#### Data
===

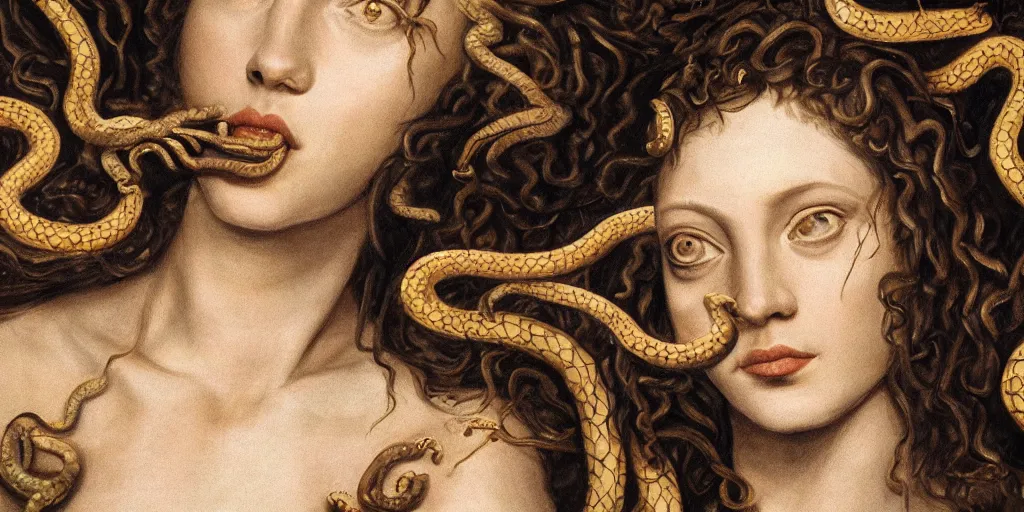 Image similar to realistic portrait of medusa with her snakes, golden, delicate, hyper realism, 1 4 5 0, ink, ultra realistic, 8 k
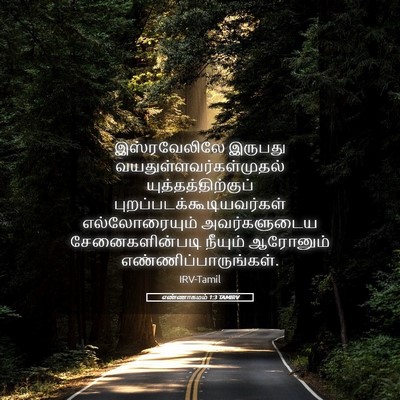 Picture 05 - எண்ணாகமம் 1:3 TAMIRV - இஸ்ரவேலிலே இருபது - Bible Verse Picture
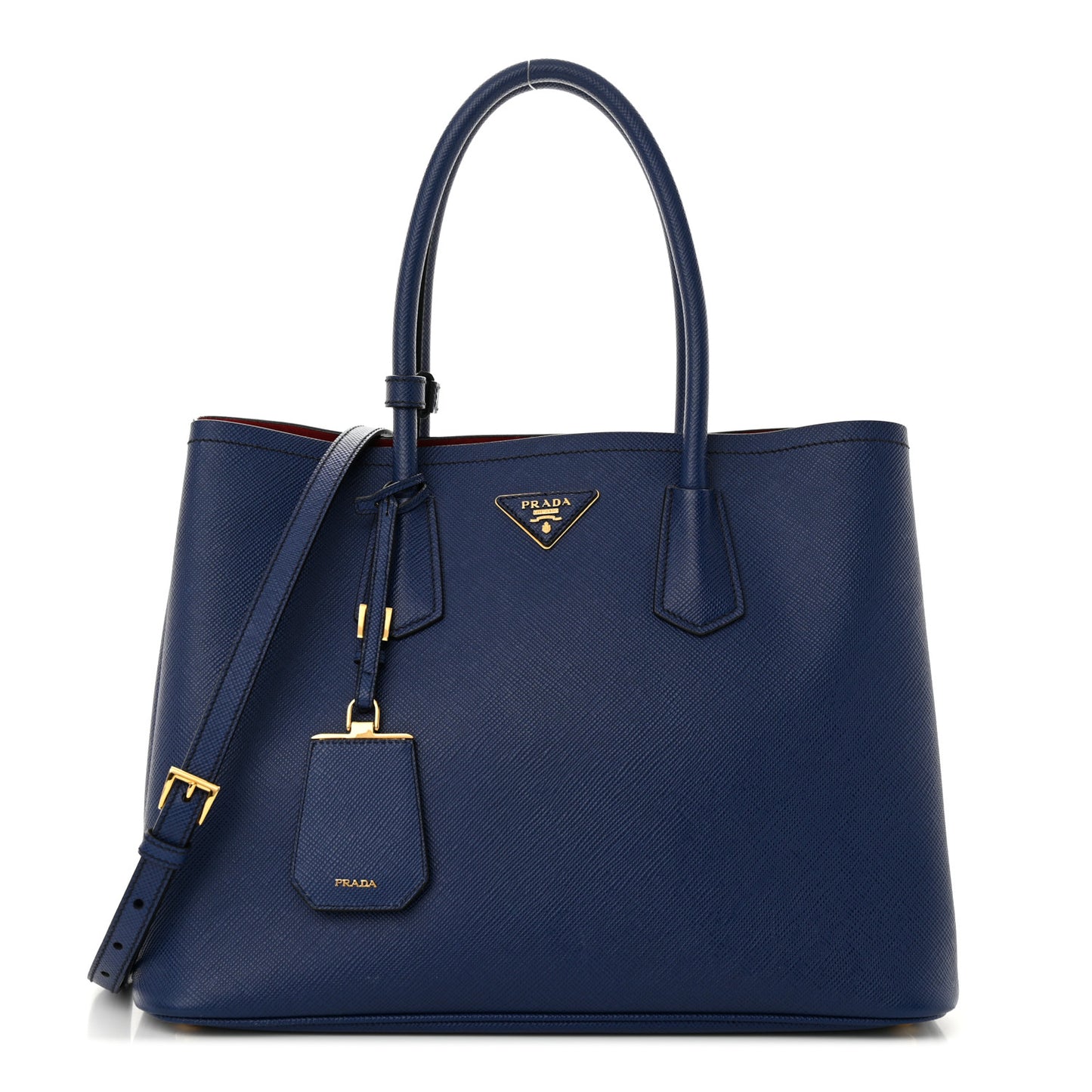 Saffiano Cuir Large Double Bag Bleuette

===

#### Activity
Restate the material above word for word, so that nothing changes except that the pictures are gone.

#### Answer to the problem
 Image similar to realistic portrait of medusa with her snakes, golden, delicate, hyper realism, 1 4 5 0, ink, ultra realistic, 8 k
 Picture 05 - எண்ணாகமம் 1:3 TAMIRV - இஸ்ரவேலிலே இருபது - Bible Verse Picture
 Saffiano Cuir Large Double Bag Bleuette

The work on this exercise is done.